# Complex Analysis: Liouville's Theorem

1. Nov 2, 2011

### tarheelborn

1. The problem statement, all variables and given/known data
Let $$f=u+iv$$ be an entire function. Prove that if $$u$$ is bounded, then $$f$$ is constant.

2. Relevant equations
Liouville's Theorem states that the only bounded entire functions are the constant functions on $$\mathbb{C}$$

3. The attempt at a solution
I know that if $$u$$ is bounded, then the real part of the function is bounded, obviously. I need a function that is bounded for both the real and imaginary parts when just the real part is bounded and I am not sure how to find that...

2. Nov 2, 2011

### Dick

Think about g=1/(M-f) where M is real. How can you pick a value for M that will make g bounded?

3. Nov 2, 2011

### tarheelborn

I don't see how to do that.

4. Nov 2, 2011

### Dick

What is |g| in terms of u, v and M?

5. Nov 2, 2011

### tarheelborn

Is this what you mean?

$$|g|=\frac{(M-u)^2}{((M-u)^2+v^2)^2}+\frac{v^2}{((M-u)^2+v^2)^2}$$

6. Nov 2, 2011

### Dick

That's actually |g|^2. So simplify it and take the square root. Yes, that's basically what I mean.

7. Nov 2, 2011

### tarheelborn

Oops, got carried away in my LaTeX! Yes, I did mean the square root of that... Let me see if I can get anywhere from there! Thank you.

8. Nov 2, 2011

### tarheelborn

OK, so now that I have g bounded, it follows that f is bounded since $$\frac{1}{M-f}\neq 0.$$ Then it follows from Liouville's Theorem that f is constant, right?

9. Nov 2, 2011

### Dick

No, you are jumping to conclusions. |g|=1/sqrt((M-u)^2+v^2) is only going to be large if (M-u)^2 and v^2 are small. You can't do much about v^2. But you can make sure (M-u)^2 isn't small. Use that u is bounded. Tell me what 'bounded' means.

10. Nov 2, 2011

### tarheelborn

OK... Bounded just means that it has a limit, right?

11. Nov 2, 2011

### Dick

A 'limit' in what sense? u is bounded if there is a constant N such that -N<u<N.

12. Nov 2, 2011

### tarheelborn

Well, to make sure (M-u)^2 isn't small, could we let $$(m-u)^2 \geq max (M,1)$$ where $$M$$ is the bound for $$u?$$ This is remotely, and I mean VERY remotely, similar to an example we did in class, so I think it might be in the right direction.

13. Nov 2, 2011

### tarheelborn

Oops, that should be $$(M-u)^2 \geq max(M,1) ...$$

14. Nov 2, 2011

### Dick

I'm not sure you are seeing how simple it is.
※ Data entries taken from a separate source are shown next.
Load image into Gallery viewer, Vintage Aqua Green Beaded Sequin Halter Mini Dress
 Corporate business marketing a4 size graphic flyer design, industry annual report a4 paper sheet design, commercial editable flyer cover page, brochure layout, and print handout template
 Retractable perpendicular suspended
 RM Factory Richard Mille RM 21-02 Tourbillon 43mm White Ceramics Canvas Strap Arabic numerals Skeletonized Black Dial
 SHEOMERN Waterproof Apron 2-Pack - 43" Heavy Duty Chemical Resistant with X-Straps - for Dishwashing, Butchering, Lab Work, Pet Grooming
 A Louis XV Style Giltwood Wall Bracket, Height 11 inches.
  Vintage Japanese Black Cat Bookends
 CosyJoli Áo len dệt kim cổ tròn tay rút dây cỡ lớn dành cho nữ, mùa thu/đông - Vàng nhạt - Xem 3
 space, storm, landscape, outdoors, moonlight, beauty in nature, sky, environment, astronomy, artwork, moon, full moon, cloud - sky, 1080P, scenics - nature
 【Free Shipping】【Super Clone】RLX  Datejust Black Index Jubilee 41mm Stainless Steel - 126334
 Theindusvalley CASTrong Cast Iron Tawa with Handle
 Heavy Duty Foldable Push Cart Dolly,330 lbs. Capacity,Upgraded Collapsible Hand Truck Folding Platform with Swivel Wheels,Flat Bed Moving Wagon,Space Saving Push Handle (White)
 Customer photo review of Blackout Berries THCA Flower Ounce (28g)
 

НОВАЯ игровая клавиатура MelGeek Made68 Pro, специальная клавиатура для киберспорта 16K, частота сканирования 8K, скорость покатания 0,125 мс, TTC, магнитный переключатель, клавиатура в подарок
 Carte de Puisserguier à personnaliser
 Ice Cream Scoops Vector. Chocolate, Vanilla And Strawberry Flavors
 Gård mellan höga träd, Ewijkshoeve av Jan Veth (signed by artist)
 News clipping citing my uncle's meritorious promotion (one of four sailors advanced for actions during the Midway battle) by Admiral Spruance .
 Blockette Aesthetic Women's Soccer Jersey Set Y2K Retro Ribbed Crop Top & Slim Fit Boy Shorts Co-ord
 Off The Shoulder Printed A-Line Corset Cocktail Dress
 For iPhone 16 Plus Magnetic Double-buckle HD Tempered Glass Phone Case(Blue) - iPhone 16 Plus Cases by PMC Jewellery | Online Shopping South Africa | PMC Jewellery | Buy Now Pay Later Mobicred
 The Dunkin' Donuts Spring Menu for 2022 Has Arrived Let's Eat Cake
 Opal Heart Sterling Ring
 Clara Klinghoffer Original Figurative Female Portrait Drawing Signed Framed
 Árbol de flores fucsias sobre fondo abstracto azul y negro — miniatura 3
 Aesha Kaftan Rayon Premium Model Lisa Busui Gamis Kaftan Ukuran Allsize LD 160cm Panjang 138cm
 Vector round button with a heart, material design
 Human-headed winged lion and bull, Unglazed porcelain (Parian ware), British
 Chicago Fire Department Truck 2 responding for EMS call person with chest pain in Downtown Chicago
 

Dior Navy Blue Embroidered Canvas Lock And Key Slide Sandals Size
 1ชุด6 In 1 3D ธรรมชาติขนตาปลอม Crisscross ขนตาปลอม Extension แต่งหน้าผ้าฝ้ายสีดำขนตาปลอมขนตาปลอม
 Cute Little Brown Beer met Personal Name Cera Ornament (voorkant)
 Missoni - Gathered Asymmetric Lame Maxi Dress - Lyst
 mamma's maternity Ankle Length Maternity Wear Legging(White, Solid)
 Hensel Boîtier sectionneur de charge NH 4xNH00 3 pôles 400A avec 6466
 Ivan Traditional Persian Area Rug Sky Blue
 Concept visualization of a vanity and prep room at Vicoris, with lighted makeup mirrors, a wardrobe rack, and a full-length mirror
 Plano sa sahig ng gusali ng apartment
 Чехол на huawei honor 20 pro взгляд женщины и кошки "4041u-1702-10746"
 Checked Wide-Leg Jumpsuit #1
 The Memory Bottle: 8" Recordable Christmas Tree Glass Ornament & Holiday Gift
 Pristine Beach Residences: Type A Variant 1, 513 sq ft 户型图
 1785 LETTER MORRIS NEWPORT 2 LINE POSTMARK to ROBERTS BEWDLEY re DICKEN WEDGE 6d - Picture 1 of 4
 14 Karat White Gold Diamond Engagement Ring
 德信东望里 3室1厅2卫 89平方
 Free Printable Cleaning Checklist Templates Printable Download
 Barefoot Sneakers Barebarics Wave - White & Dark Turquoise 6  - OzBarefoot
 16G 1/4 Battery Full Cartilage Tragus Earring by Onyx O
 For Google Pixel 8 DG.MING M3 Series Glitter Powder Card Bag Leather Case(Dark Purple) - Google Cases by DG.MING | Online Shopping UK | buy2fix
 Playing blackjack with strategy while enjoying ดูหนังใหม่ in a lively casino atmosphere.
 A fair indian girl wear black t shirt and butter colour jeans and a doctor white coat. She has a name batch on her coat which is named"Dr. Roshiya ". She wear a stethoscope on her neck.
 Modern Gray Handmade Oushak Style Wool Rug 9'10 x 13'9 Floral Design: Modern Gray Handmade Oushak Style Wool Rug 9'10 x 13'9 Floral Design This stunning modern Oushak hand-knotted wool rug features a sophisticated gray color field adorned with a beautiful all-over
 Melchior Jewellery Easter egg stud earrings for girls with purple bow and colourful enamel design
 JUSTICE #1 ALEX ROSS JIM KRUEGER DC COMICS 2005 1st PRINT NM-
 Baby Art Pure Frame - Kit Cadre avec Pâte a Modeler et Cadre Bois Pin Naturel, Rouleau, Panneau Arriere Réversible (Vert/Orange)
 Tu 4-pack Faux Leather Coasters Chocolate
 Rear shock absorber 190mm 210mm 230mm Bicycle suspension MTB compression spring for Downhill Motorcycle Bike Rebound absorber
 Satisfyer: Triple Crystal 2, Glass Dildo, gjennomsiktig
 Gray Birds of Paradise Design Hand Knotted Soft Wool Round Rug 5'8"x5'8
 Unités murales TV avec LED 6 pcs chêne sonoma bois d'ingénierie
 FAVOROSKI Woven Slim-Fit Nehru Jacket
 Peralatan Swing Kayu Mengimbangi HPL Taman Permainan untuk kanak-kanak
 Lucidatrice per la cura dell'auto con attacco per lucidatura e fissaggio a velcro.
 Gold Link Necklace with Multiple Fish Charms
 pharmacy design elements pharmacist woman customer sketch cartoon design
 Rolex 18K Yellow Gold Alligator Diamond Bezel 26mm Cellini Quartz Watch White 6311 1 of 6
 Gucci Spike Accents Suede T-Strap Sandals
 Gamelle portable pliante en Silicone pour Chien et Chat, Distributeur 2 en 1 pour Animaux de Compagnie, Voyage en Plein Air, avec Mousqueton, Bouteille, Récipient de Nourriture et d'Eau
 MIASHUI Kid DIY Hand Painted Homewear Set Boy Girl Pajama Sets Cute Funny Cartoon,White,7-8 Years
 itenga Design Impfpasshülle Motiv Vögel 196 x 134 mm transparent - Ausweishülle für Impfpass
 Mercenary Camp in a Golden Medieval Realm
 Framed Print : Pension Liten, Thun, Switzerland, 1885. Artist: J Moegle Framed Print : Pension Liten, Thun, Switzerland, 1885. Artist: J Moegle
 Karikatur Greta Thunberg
If -N<u<N then what happens if you pick M=N+1??

15. Nov 2, 2011

### tarheelborn

I actually ended up starting over and going a completely different route, as follows:

Let $$g(z) = e^{f(z)},$$ which is also entire, by assumption. We will apply Liouville’s theorem to $$g.$$
$$|g(z)| = e^{u+iv} = e^u*|e^{iv}|= e^u$$
because $$|e^{iv}| = 1$$ for all $$z = x+iy.$$ Since $$u$$ is bounded, say $$u ≤ M,$$ $$M \in \mathbb{R},$$ and $$e^u$$ is strictly increasing, we have $$|g(z)|\leq e^M$$ which implies that $$g$$ is constant. It follows that $$f$$ is also constant. $$\blacksquare$$

16. Nov 2, 2011

### Dick

That works too. You do need to deal with the minor detail of showing that e^f(z) is constant implies f(z) is constant, since the exponential function isn't 1-1. The other approach would have shown for g=1/((N+1)-f) that |g|<=1 so g is constant and nonzero. Then you can just solve for f.

Last edited: Nov 2, 2011
17. Nov 2, 2011

### tarheelborn

Thank you so much! Your direction caused me to think enough to go in the other direction. I really appreciate that!

18. Nov 2, 2011

### Dick

Very welcome.